*DIRECTIONS*.
Word for word, transcribe the data below from the line with "コット キャンプ アウトドアベッド" to the line with "Woman with Black Dress — Dramatic, Night", keeping both of those lines.

-- MATERIALS PROVIDED follows --

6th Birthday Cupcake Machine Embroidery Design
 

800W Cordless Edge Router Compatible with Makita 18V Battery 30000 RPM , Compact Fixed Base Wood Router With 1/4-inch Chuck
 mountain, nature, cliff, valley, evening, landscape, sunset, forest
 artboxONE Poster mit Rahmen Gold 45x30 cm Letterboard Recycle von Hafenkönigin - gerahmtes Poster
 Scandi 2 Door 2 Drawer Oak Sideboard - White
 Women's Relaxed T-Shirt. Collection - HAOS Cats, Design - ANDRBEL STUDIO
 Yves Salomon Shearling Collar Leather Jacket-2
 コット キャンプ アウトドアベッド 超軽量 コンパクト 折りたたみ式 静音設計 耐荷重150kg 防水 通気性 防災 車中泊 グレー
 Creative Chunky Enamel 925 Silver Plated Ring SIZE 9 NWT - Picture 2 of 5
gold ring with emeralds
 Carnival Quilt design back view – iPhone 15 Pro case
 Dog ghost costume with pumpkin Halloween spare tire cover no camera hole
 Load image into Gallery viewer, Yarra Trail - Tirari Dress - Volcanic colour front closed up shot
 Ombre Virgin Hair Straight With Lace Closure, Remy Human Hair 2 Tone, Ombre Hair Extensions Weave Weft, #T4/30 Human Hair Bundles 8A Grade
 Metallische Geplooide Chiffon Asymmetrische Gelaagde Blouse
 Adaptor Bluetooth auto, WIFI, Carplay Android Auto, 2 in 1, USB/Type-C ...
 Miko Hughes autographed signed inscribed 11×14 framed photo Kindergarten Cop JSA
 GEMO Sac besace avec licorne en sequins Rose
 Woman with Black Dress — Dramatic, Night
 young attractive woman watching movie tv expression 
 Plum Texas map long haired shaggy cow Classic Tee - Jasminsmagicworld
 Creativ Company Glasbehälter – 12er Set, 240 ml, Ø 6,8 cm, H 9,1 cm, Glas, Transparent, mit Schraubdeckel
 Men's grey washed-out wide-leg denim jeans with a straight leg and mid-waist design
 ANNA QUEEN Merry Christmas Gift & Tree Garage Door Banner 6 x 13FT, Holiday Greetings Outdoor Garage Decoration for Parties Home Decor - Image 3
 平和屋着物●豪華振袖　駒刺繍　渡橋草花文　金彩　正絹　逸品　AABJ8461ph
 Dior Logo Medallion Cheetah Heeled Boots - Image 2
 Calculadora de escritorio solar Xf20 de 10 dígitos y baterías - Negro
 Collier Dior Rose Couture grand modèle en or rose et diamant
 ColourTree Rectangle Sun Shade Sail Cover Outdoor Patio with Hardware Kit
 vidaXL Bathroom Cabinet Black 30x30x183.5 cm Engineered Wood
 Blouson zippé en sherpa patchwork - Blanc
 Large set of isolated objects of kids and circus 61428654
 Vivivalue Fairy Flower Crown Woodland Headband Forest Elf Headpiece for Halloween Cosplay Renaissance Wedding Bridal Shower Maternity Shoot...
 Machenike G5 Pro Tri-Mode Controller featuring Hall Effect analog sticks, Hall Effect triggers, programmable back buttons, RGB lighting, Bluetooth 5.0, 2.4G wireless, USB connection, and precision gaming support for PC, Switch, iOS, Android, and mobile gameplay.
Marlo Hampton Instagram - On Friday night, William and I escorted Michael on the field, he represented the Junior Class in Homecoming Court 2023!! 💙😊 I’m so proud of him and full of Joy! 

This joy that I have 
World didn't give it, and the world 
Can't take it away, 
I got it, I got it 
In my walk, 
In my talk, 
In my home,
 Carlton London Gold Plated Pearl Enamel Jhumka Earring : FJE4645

-- MATERIALS PROVIDED concluded --

*PROBLEM SOLUTION*.
 コット キャンプ アウトドアベッド 超軽量 コンパクト 折りたたみ式 静音設計 耐荷重150kg 防水 通気性 防災 車中泊 グレー
 Creative Chunky Enamel 925 Silver Plated Ring SIZE 9 NWT - Picture 2 of 5
gold ring with emeralds
 Carnival Quilt design back view – iPhone 15 Pro case
 Dog ghost costume with pumpkin Halloween spare tire cover no camera hole
 Load image into Gallery viewer, Yarra Trail - Tirari Dress - Volcanic colour front closed up shot
 Ombre Virgin Hair Straight With Lace Closure, Remy Human Hair 2 Tone, Ombre Hair Extensions Weave Weft, #T4/30 Human Hair Bundles 8A Grade
 Metallische Geplooide Chiffon Asymmetrische Gelaagde Blouse
 Adaptor Bluetooth auto, WIFI, Carplay Android Auto, 2 in 1, USB/Type-C ...
 Miko Hughes autographed signed inscribed 11×14 framed photo Kindergarten Cop JSA
 GEMO Sac besace avec licorne en sequins Rose
 Woman with Black Dress — Dramatic, Night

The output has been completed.